### DATA SECTION
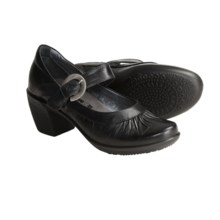Romika Luna 05 Mary Jane Shoes - Leather, Buckle Strap (For Women) in 07100 Black - Closeouts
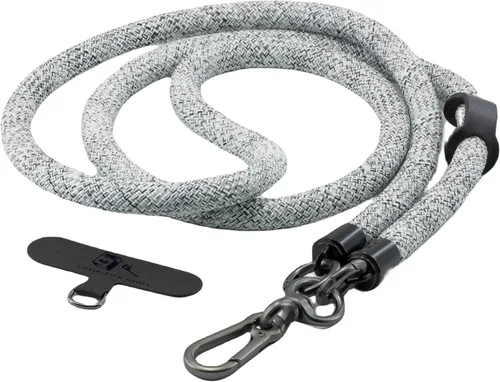 Cordón cruzado para teléfono celular, correa de muñeca alrededor del cuello para la mayoría de teléfonos inteligentes, auriculares, llavero de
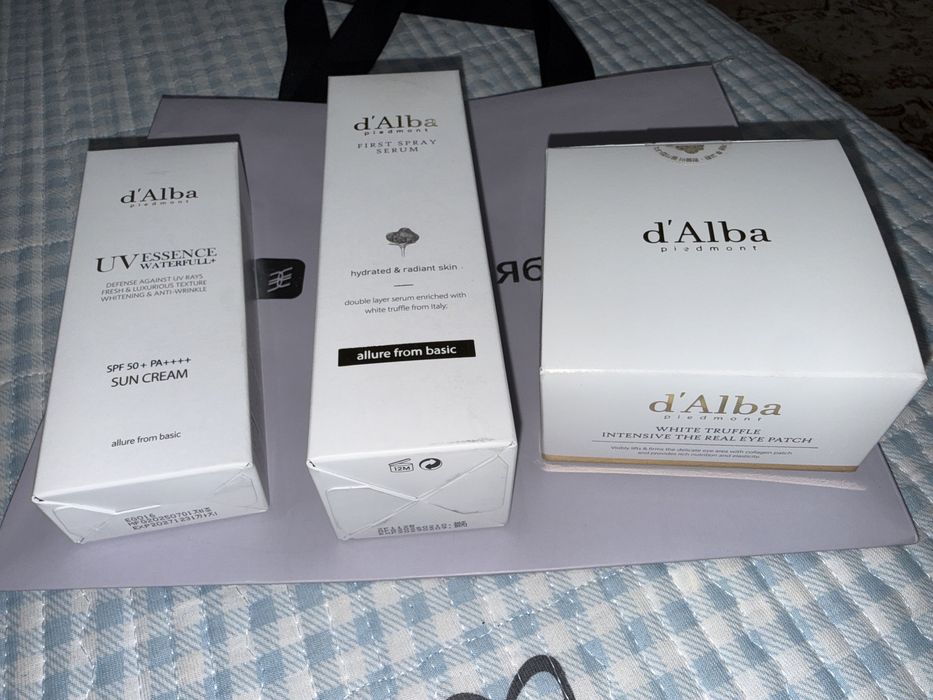 Набор d'Alba , SPF 50，новый, запечатанный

### WORK ITEM
Keep the pictures out while you retype all of the data above exactly as it appears.

### THE COMPLETED TASK
Romika Luna 05 Mary Jane Shoes - Leather, Buckle Strap (For Women) in 07100 Black - Closeouts
 Cordón cruzado para teléfono celular, correa de muñeca alrededor del cuello para la mayoría de teléfonos inteligentes, auriculares, llavero de
 Набор d'Alba , SPF 50，новый, запечатанный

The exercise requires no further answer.